Various stresses, including salinity, drought, and extreme temperatures, can induce ABA production to activate genes needed for plant stress resistance. The relationship between expansins and ABA is still unclear. Maize can adapt to relatively low water potentials. This adaptation has been associated with the increased expression and activities of three expansins present in the root. Roots treated with the ABA biosynthesis inhibitor did not exhibit these adaptive features. However, the application of exogenous ABA to well-watered roots failed to increase expansin gene expression levels to those induced by drought stress (Wu et al. 2001). Cho and Cosgrove (2004) proposed that ABA may be required to induce root responses, but drought-modulated expansin gene expression may be regulated by an ABA-independent pathway. In our study, the expression of most expansin genes in shoots was induced by at least one stress treatment (Fig. 6). Some genes were also induced by the application of exogenous ABA, such as SlEXPA3, SlEXPA7, SlEXPA9, and SlEXLB1 (Fig. 5). This suggests their expression may depend on ABA. However, the expression of some genes was not induced by ABA, such as SlEXPA8, SlEXPA12, SlEXPA24, SlEXPB1, and SlEXPB8, which suggests their expression may be regulated by an ABA-independent pathway.

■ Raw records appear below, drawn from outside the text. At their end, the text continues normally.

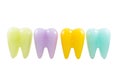Colorful model teeth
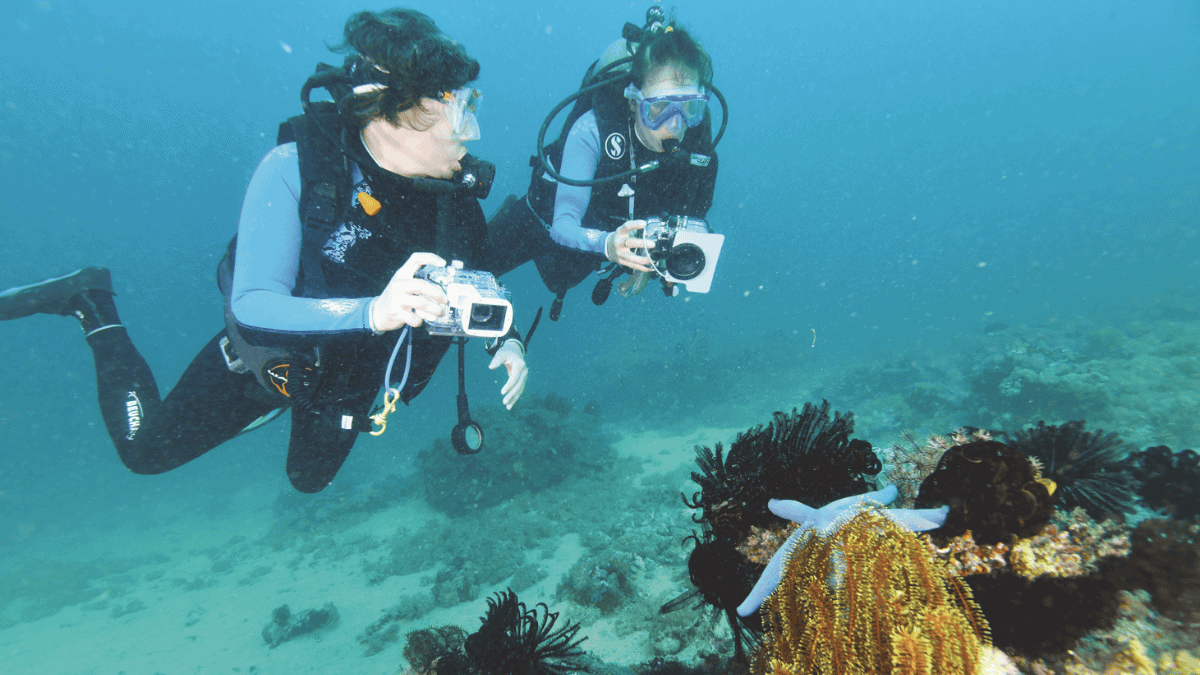 Aquapixel couverture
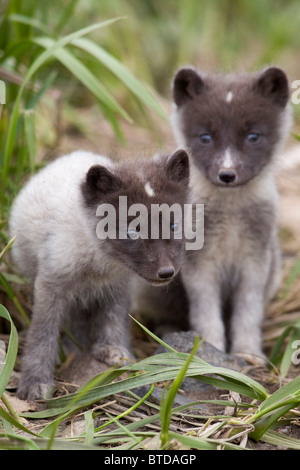 Close up of Arctic Fox pups, Saint Paul Island, îles Pribilof, Mer de Béring, en Alaska, le sud-ouest, l'été Banque D'Images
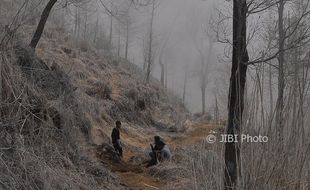 FOTO WISATA JATENG : Hutan Putih di Dieng Nan Memesona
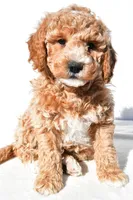 Justin, a male Miniature Goldendoodle for sale in Dundee, OH – 1 of 8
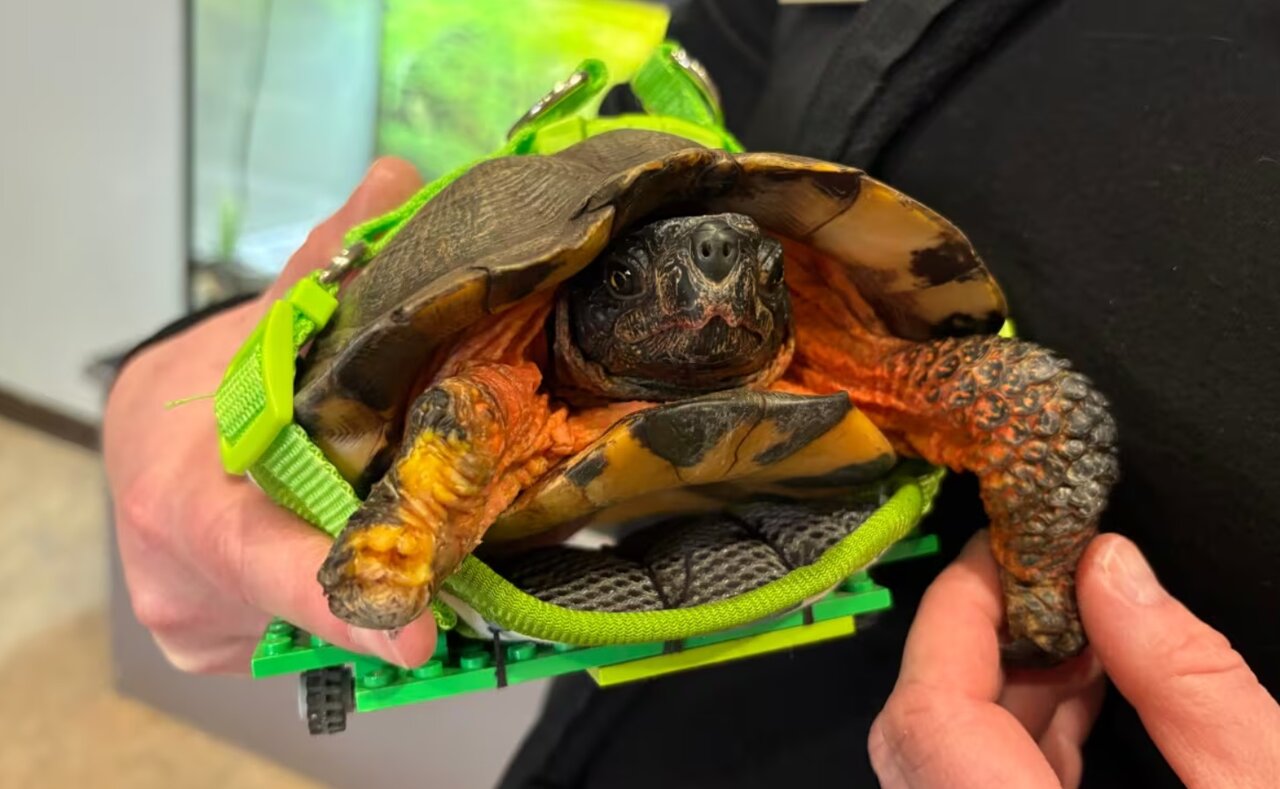 ساخت پای مصنوعی با استفاده از لگو برای لاکپشت/ عکس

In conclusion, we identified 25 SlEXPAs, eight SlEXPBs, one SlEXLA, four SlEXLBs, and five short homolog sequences in the tomato genome. Twenty-five of these genes were identified being expressed. These expansins exhibited some specific features in terms of gene structure and amino acid sequences, suggesting that they underwent unique evolutionary processes. Segmental and tandem duplication events contributed to the expansion of the tomato expansin family. The 3-exon/2-intron pattern may represent the basic genetic structure, with other structural patterns arising from intron loss/gain events. Additionally, we identified three previously unreported expansin genes, SlEXPA8, SlEXPB8, and SlEXLB1, which were preferentially expressed in the fruit. We also identified expansin genes preferentially expressed in the root (SlEXPA9, SlEXLB2, and SlEXLB4), hormone and/or stress inducible expansin genes (SlEXPA3, SlEXPA7, SlEXPB1B2, SlEXPB8, SlEXLB1LB2, and SlEXLB4), and expansin genes preferentially expressed in floral parts. We believe our study findings may advance our understanding of the biological roles of tomato expansins. A more comprehensive understanding may be important for future crop improvement efforts involving genetic engineering.